1:01:32 <On-screen text> 2000 Election
Tom Ferguson – The ‘96 thing really does look rather like 2000. Something like three-quarters of the business community was strongly anti-Clinton. I don’t think that percentage changed that much. So you’re in a situation where I’m going to say, I’m going to stipulate, two-thirds to three-quarters of the business community wants Bush. The hullaballoo, if you elect Gore, would be quite a lot. Some of the labor guys thought maybe we should have some marches to sort of protest this [the Florida vote count debacle]. They clearly were advised don’t do this. If the situation had been reversed, and Gore had in fact won [the Supreme Court Florida vote decision] five to four, I think you would have seen almost chaotic scenes of the type where you had Republicans paying guys to go down into Florida and actually demonstrate. The consensus candidate, the business community, was winning. Throw the hand in and collect your tax cut due was, I think, the dominant sentiment. These guys weren’t trying that hard. You know, and Kerry clearly threw the hand in too fast on 2004. In the end, business folks won’t turn the place into a shambles. They’ll take a shot at it, try it, and if they lose, okay, we’ll take our tax cut and we’ll come back next year with more of the same.
1:02:40 — <Film clip from Trading Places with Eddie Murphy and Dan Aykroyd>
- Billy Ray (Murphy) – Oh, see, I made Louis (Aykroyd) a bet here. Louis bet me that we couldn’t both get rich and put you all in the poor house at the same time. He didn’t think we do it. I won.
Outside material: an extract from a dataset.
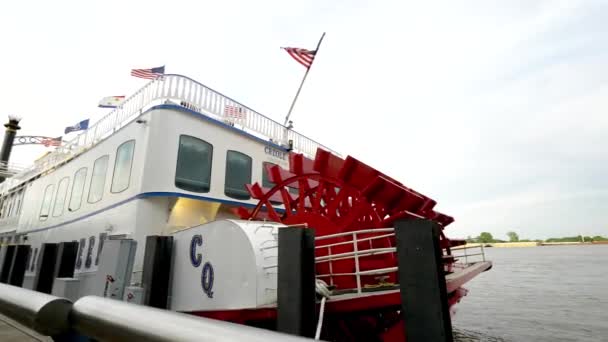 New Orleans říční loď kreolská královna - Záběry, video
- Louis – I lost. One dollar.
- Billy Ray – Thank you, Louis.
- Louis – After you.
- Billy Ray – Certainly. <Laughs. End of scene>
1:02:58 <On-screen text> Stock Prices & Political Power: A Close Correlation
Tom Ferguson – Stock market prices actually reflect major investor knowledge of campaign contributions. We know that congressmen and senators earn the highest rates of return in recorded history on their portfolios, which means they’re being given insider information. And that doesn’t show on any campaign contribution. I had a colleague at the University of Texas, he did a paper called Death of a Congressman*. What he quickly discovers is that if they die unexpectedly, the stocks that the companies they’re close to crash that afternoon.
That theme was picked up by some folks on Indonesia and Malaysia where they looked at how the Asia crisis affected the stocks of – remember when Mahathir and his rival, Anwar, went down in Malaysia, at Mahathir’s hands, and it turned out the stocks of the companies that Anwar was close to crashed. They went down by something like – my memory is about 22-23 percent in the space of a week or two. But that was what political patronage was worth in Malaysia.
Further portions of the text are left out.